Let Hawkins Ash CPAs Help
If you would like Hawkins Ash CPAs to help file your required 1099 forms, we ask that you forward completed W-9s to Hawkins Ash CPAs for each Form 1099 recipient. A W-9 is enclosed for your convenience. Please also fill out the attached electronic spreadsheet listing each vendor and return it to us by January 15, 2017.
Please be sure to contact us if you have any questions or concerns.
New Filing Deadlines
Beginning with the 2016 forms, filers required to report Nonemployee Compensation (Box 7) are now required to timely file Form 1099-MISCs by January 31, 2017. For Form 1099-MISCs not reporting Box 7 Nonemployee Compensation and for other 1099 forms, the due date will remain February 28, 2017, for paper filings and March 31, 2017, for electronic filings. Penalties apply for failure to timely file with the IRS.
Examples of Non-employee Compensation Payments
- Professional services fees paid to attorneys, accountants, engineers and architects
- Services received in the course of trade or business
- Independent contractors
- Guest lecturers
- Commissions paid to a non-employee salesperson
- Services for entertainment
- Director fees
Generally, 1099 forms are required to be furnished to the recipient by January 31, 2017. For Form 1099-MISCs reporting Box 8 or Box 14, those must be furnished to the recipient by February 15, 2017. Timely furnished forms must be hand-delivered, electronically delivered or postmarked by the applicable due date.
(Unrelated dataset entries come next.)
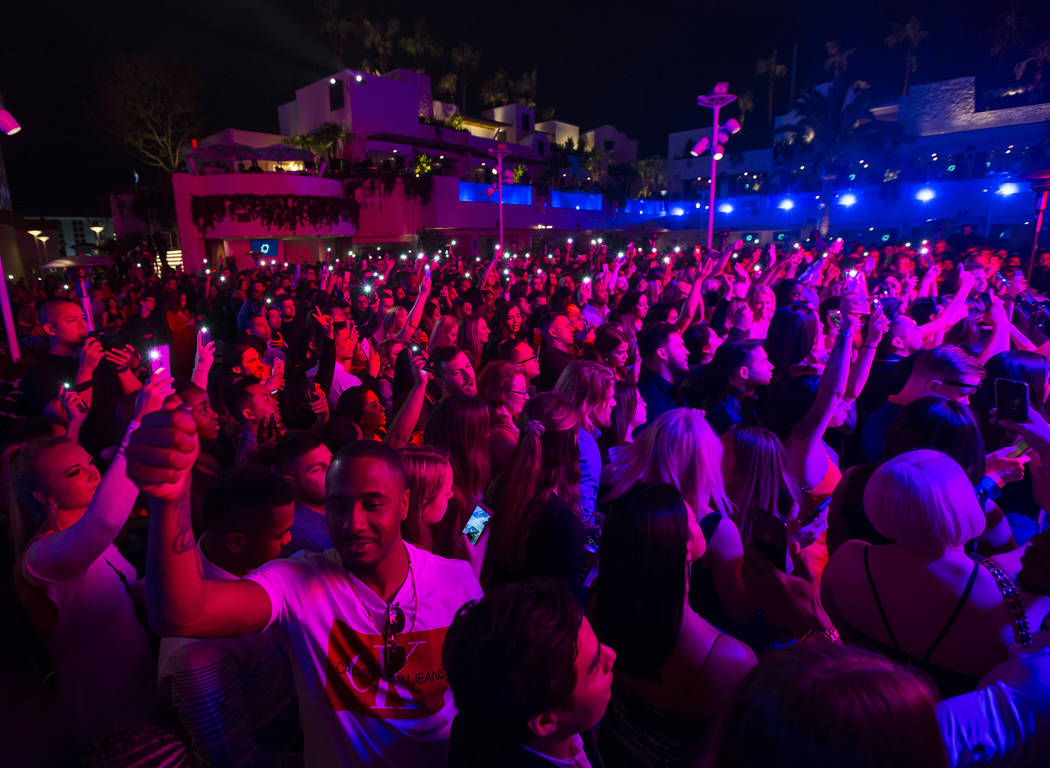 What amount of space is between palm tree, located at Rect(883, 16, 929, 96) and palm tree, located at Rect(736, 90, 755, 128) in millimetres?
12888

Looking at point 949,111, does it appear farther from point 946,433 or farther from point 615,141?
point 946,433

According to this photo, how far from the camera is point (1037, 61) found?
28.7 metres

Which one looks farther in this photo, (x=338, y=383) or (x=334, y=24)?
(x=334, y=24)

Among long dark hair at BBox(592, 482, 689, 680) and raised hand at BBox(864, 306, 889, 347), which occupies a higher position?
raised hand at BBox(864, 306, 889, 347)

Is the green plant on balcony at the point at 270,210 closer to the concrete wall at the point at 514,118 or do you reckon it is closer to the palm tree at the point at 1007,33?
the concrete wall at the point at 514,118

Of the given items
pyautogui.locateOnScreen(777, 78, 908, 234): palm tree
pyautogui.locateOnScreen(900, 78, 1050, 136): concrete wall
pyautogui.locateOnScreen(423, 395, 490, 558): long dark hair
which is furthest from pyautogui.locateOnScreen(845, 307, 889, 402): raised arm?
pyautogui.locateOnScreen(900, 78, 1050, 136): concrete wall

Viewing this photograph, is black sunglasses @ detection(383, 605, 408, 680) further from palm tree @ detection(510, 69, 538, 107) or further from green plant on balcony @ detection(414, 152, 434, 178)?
palm tree @ detection(510, 69, 538, 107)

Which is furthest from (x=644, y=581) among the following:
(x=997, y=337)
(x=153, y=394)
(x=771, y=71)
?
(x=771, y=71)

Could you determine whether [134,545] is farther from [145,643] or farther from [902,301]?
[902,301]

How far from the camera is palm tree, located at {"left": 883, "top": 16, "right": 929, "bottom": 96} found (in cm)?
3759

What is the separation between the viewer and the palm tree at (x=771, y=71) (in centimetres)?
4794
Penalties apply for failure to supply these forms in a timely manner.
There are several informational returns that must be filed annually as required by the IRS. Here is a list of forms that must be filed along with some general filing requirement rules:
Payments by a business or an individual for interest of $10 or more must be reported on Form 1099-INT.
Payments made by a business are required to be reported on Form 1099-DIV for the following:
- Payments of $10 or more for dividends
- Payments of $10 or more for capital gain distributions
- Payments of $600 or more for payments paid for liquidating distributions
Payments of $600 or more made to individuals, partnerships, LLCs, attorneys, and unincorporated businesses are required to be reported on Form 1099-MISC for the following:
- Payments for rents (including rental of equipment or real estate)
- Payments for services, including parts and materials, if paid in conjunction with the service.
- Payments for non-employee compensation including fees, commissions, prizes, awards and services performed for your business.
- Payments to an attorney (even if the attorney operates as a Corporation, see below)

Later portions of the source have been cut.